# Information shown
--- --- ---
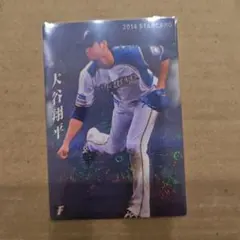2026年最新】プロ野球チップスカード 大谷 2014の人気アイテム - メルカリ
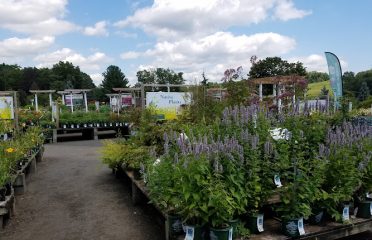 Van Wilgen’s Garden Center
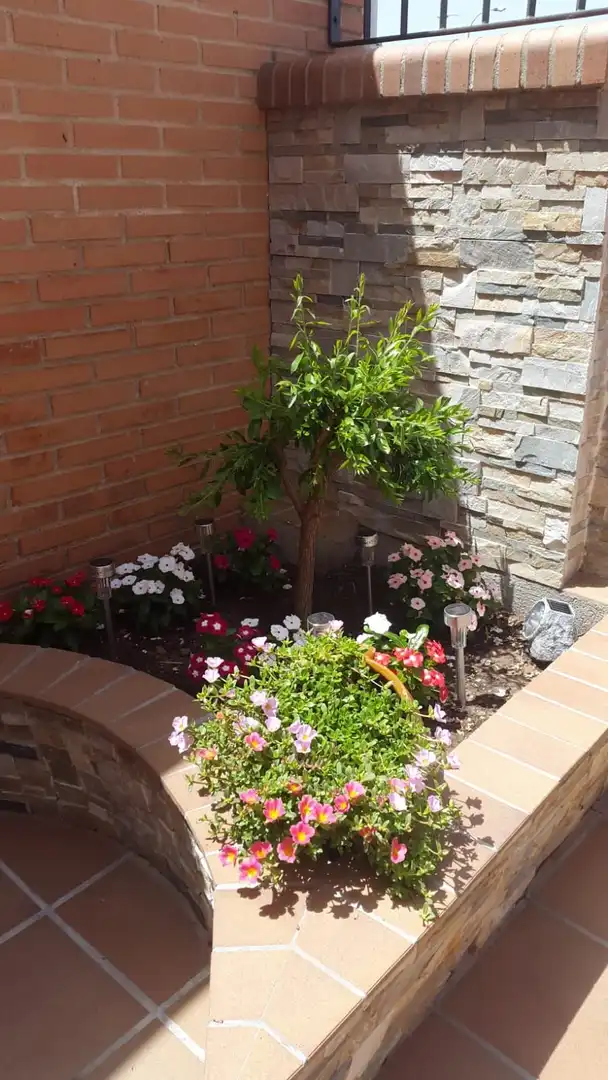 Jardí de Casa o xalet en venda en Argamasilla de Calatrava amb Jardí privat i Moblat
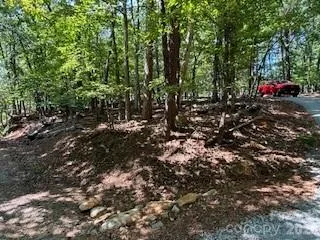 00 Johnson Circle Lake Lure, NC 28746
--- --- ---
# Directions
Please output every line of the listing as it stands, and omit its images.

# Exercise solution
2026年最新】プロ野球チップスカード 大谷 2014の人気アイテム - メルカリ
 Van Wilgen’s Garden Center
 Jardí de Casa o xalet en venda en Argamasilla de Calatrava amb Jardí privat i Moblat
 00 Johnson Circle Lake Lure, NC 28746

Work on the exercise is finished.